I don’t see how that could be done with named tuples readily.
I thought that @with_kw and @unpack worked with named tuples as well. Using a bit of code from the Parameters.jl site and expanding on it:
julia> using Parameters
julia> MyNT = @with_kw (x = 1, y = "foo", z = :(bar))
##NamedTuple_kw#263 (generic function with 2 methods)
julia> tupl1 = MyNT(x=2)
(x = 2, y = "foo", z = :bar)
julia> @unpack x=tupl1
(x = 2, y = "foo", z = :bar)
julia> x
2
In this case, you can use a mutable struct or, more likely, store arrays in the struct, and just calibrate the parameters that are defined in these arrays, that mutable anyway, even if the struct is not mutable (this would be the same for a named tuple containing an array):
I was reading here that immutable types have significant performance advantages and that using Setfield.jl to modify them has performance advantages compared to using mutables. Not sure whether those advantages hold when you store arrays in an immutable struct and then alter those arrays.
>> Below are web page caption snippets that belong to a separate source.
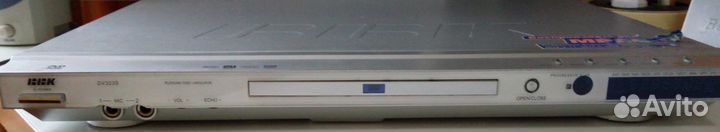 DVD плейер c караоке BBK DV323S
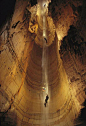 库鲁伯亚拉洞穴（英语：Krubera Cave）一译克鲁布拉山洞，也作Voronya Cave，位于格鲁吉亚阿布哈兹共和国加格拉区的阿拉贝卡山中。于1960年发现。2004年探查深度超过2000米，达2080米。最新数据显示已探明深度2191米（2007年）。是世界上目前已知的最深洞穴，也是唯一一个深度超过2000米的洞穴。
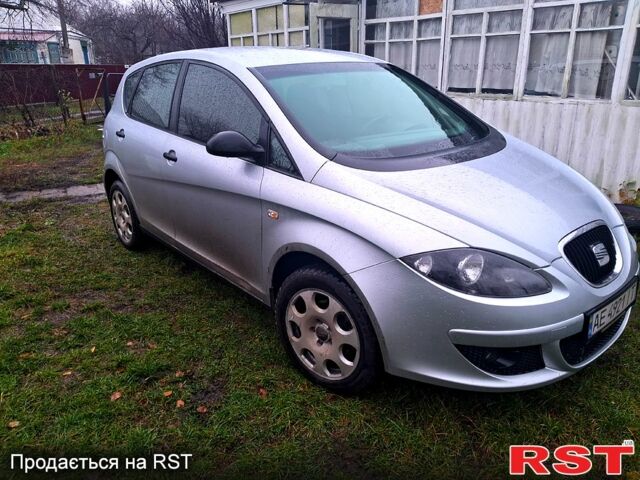 Сірий Сеат Altea, об'ємом двигуна 1.6 л та пробігом 226 тис. км за 5800 $, фото 1 на Automoto.ua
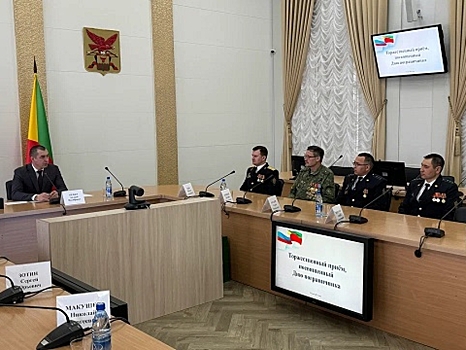 Забайкальским пограничникам в преддверии профессионального праздника в правительстве региона вручили памятные подарки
But that seems like more hoops to jump through than just using Setfield.jl, particularly since many of the elements in the parameters container would be of the form: alpha=0.5, beta=0.9, nk=50 , etc.
Right now I’m leaning a bit towards named tuples because of the fact that they are type inferred and I therefore would not need to explicitly set out the type of each parameter.